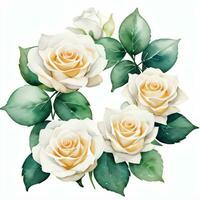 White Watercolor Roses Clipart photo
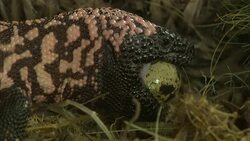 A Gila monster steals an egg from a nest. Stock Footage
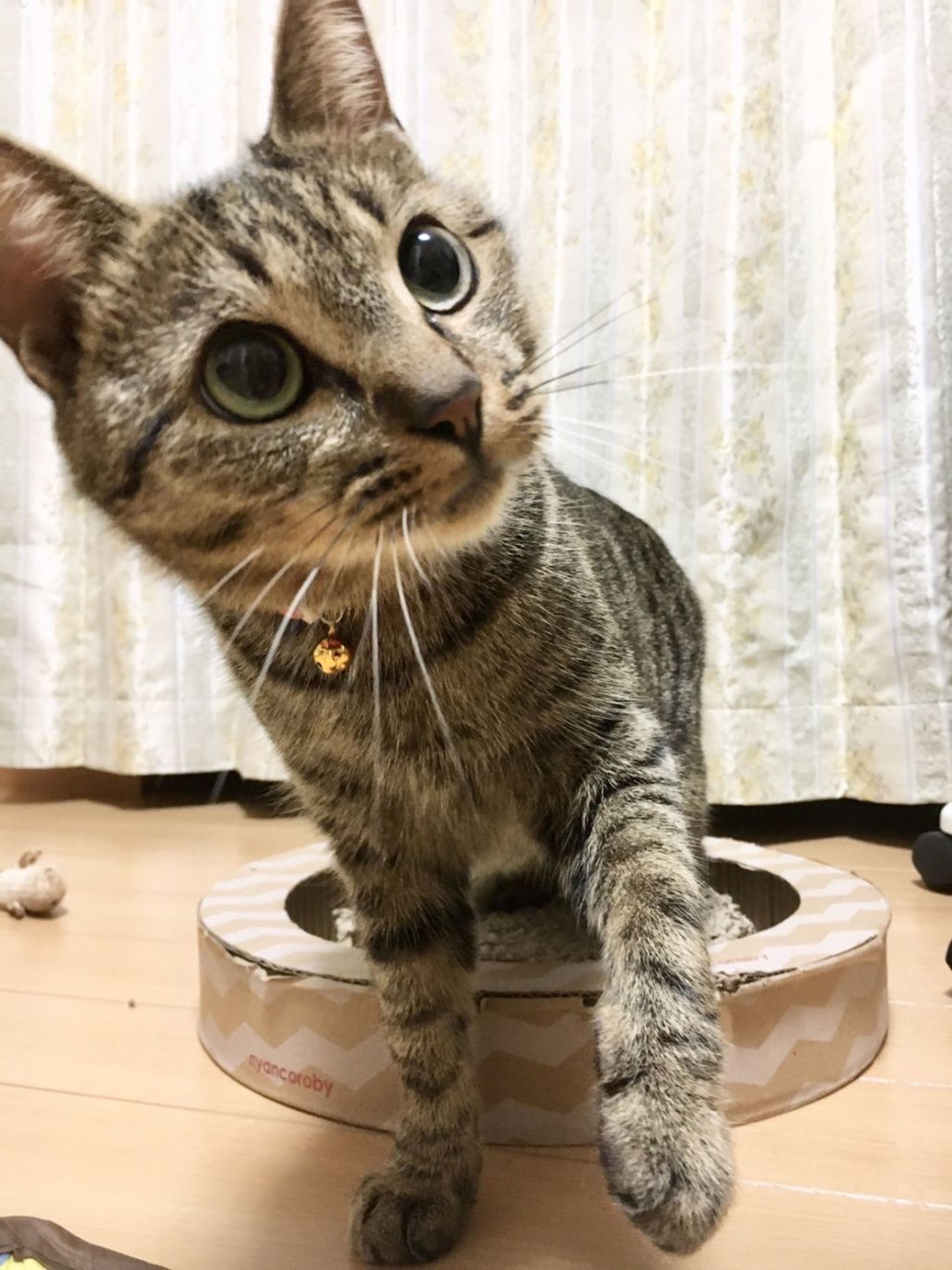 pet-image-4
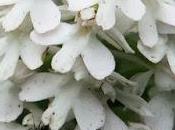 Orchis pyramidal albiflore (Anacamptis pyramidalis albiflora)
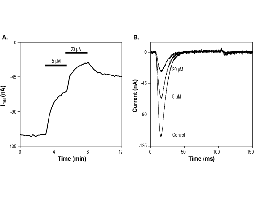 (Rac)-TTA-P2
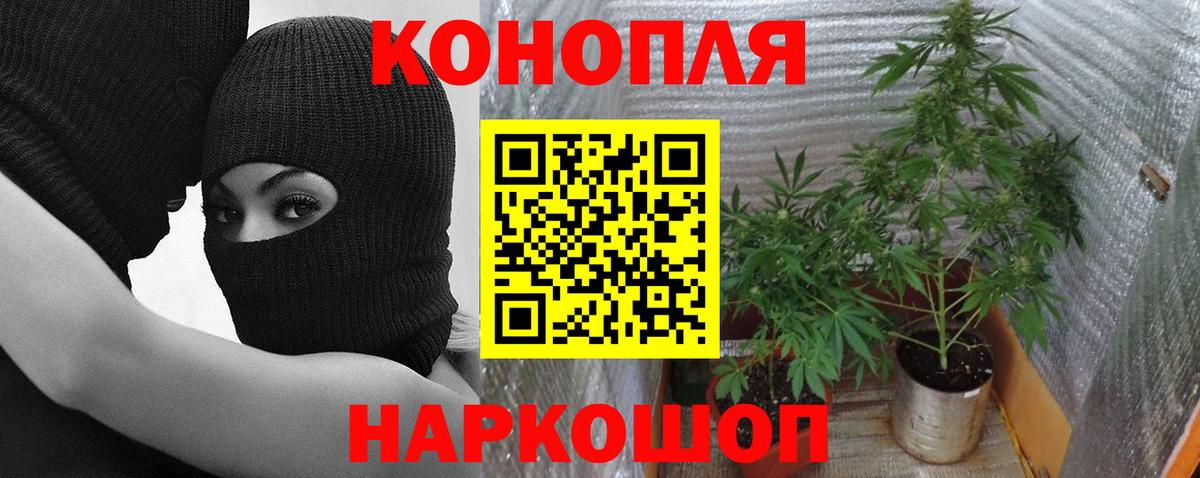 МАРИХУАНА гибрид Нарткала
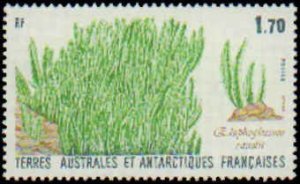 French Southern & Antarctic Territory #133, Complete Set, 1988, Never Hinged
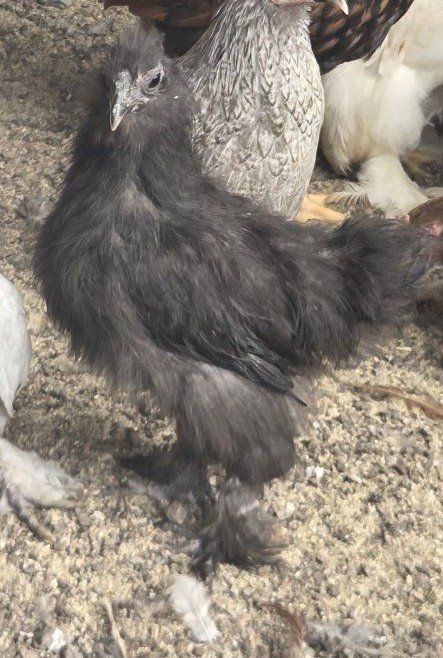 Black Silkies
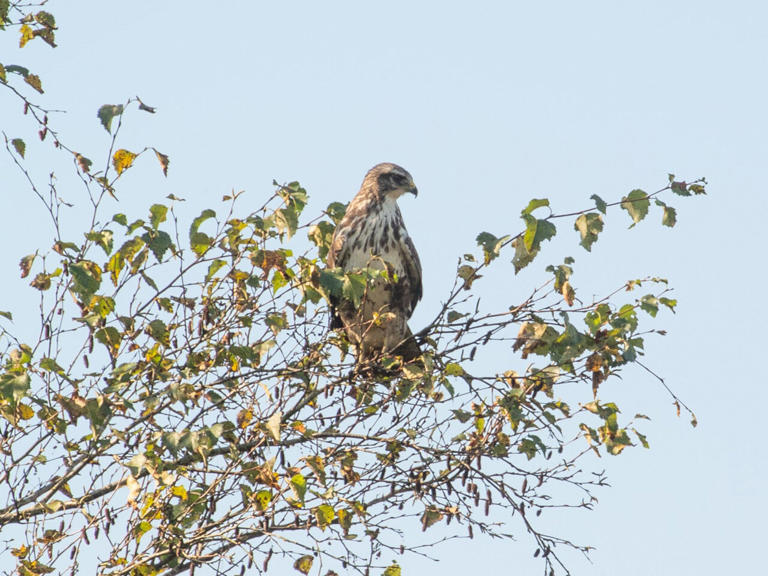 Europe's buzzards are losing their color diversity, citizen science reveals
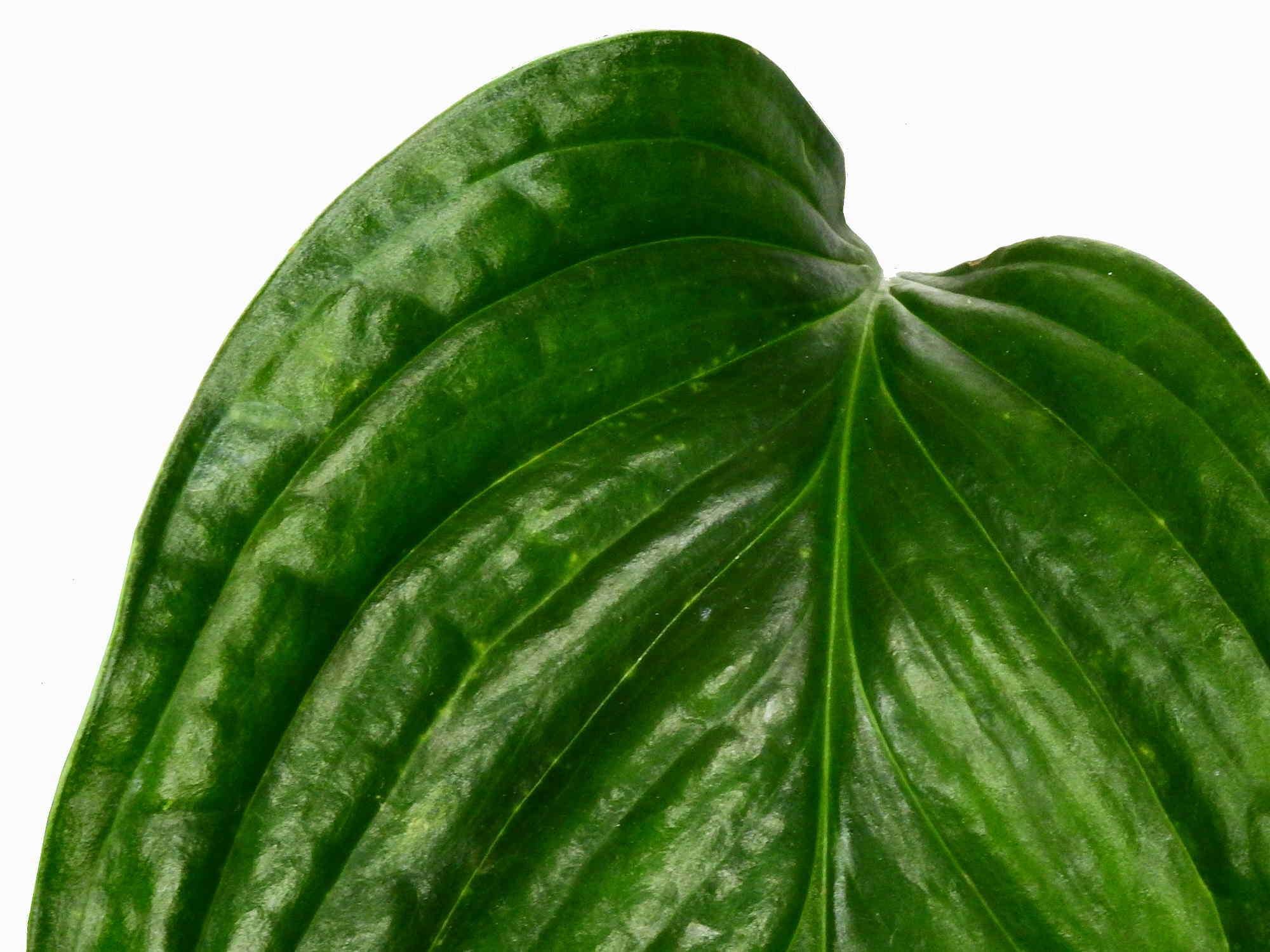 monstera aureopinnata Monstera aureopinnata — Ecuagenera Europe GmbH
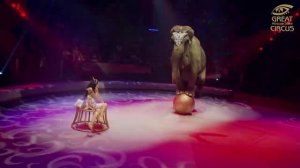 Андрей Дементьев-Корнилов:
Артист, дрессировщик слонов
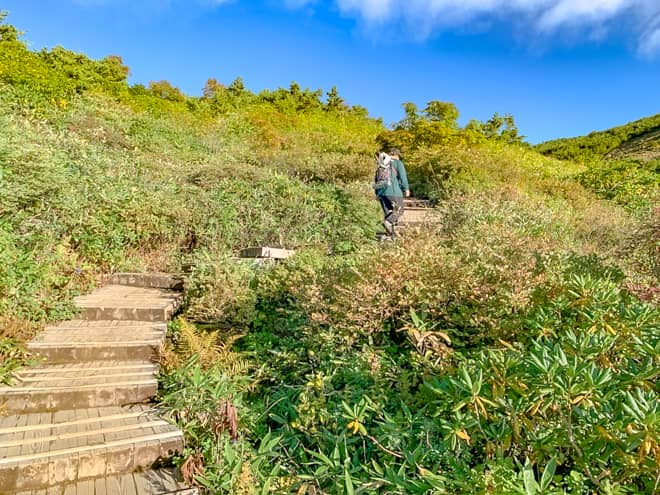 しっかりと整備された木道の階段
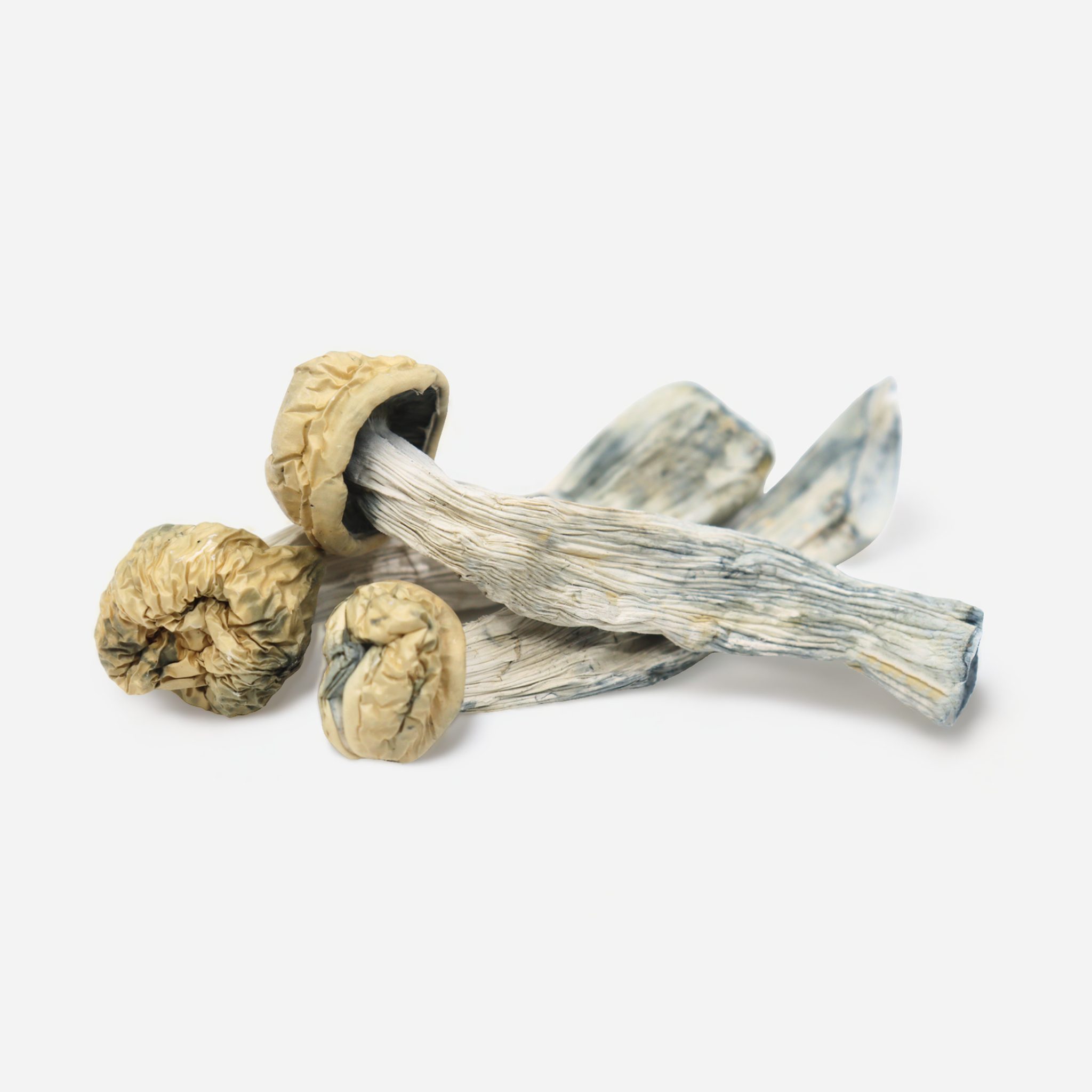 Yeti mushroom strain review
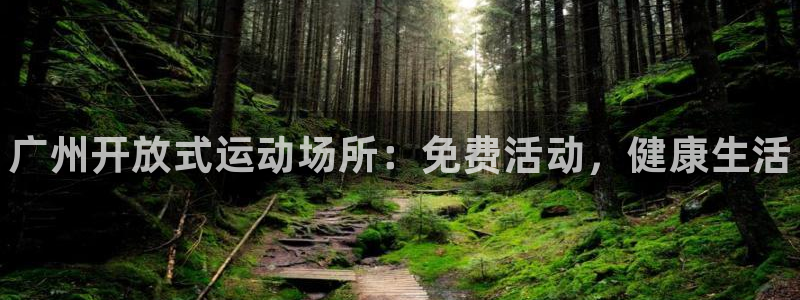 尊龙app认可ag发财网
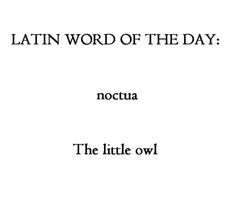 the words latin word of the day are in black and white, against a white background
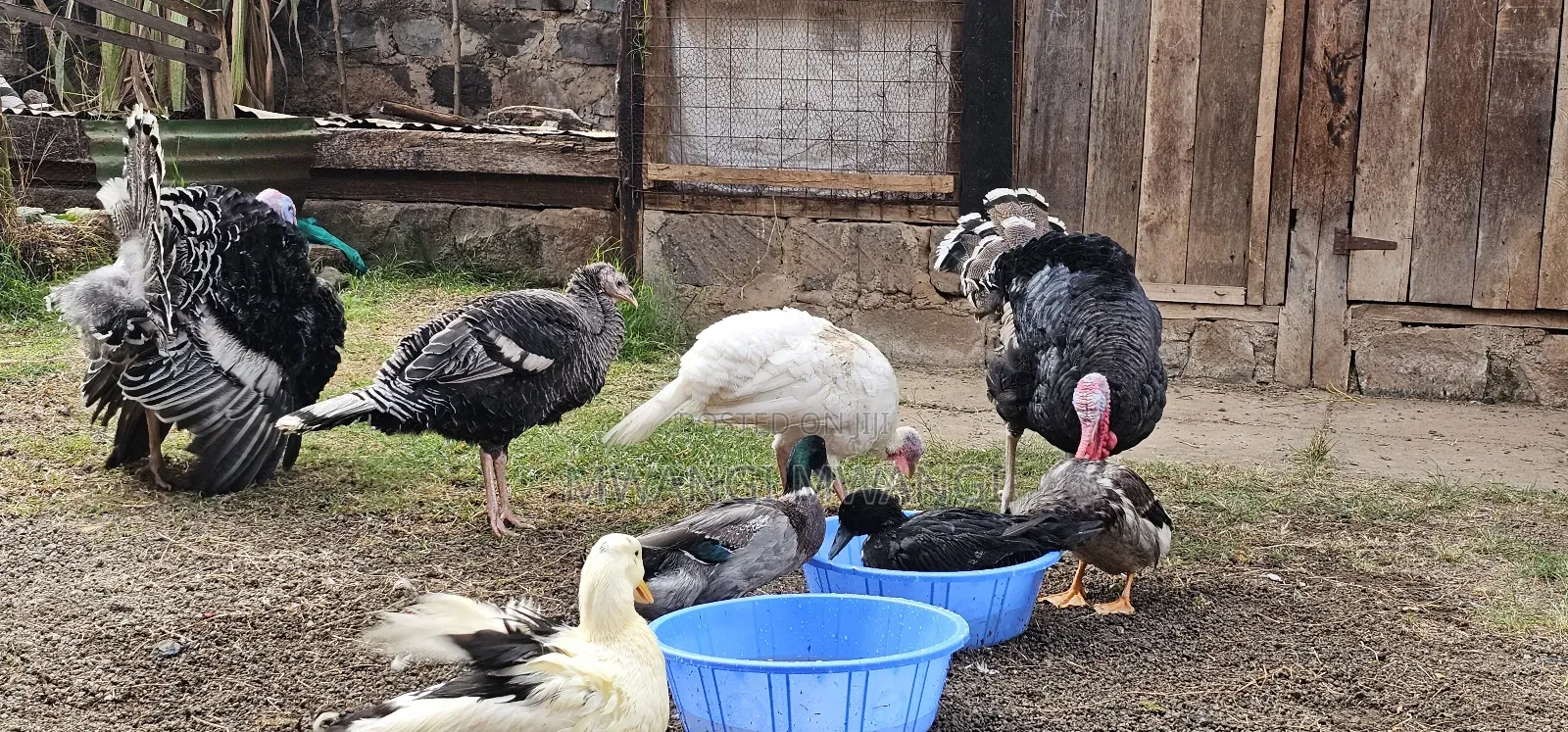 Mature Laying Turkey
◇ ◇ ◇ ◇ ◇
* _Task details_: Could you repeat the entries word for word, skipping the pictures they contain?

* _Problem solution_:
 White Watercolor Roses Clipart photo
 A Gila monster steals an egg from a nest. Stock Footage
 pet-image-4
 Orchis pyramidal albiflore (Anacamptis pyramidalis albiflora)
 (Rac)-TTA-P2
 МАРИХУАНА гибрид Нарткала
 French Southern & Antarctic Territory #133, Complete Set, 1988, Never Hinged
 Black Silkies
 Europe's buzzards are losing their color diversity, citizen science reveals
 monstera aureopinnata Monstera aureopinnata — Ecuagenera Europe GmbH
 Андрей Дементьев-Корнилов:
Артист, дрессировщик слонов
 しっかりと整備された木道の階段
 Yeti mushroom strain review
 尊龙app认可ag发财网
 the words latin word of the day are in black and white, against a white background
 Mature Laying Turkey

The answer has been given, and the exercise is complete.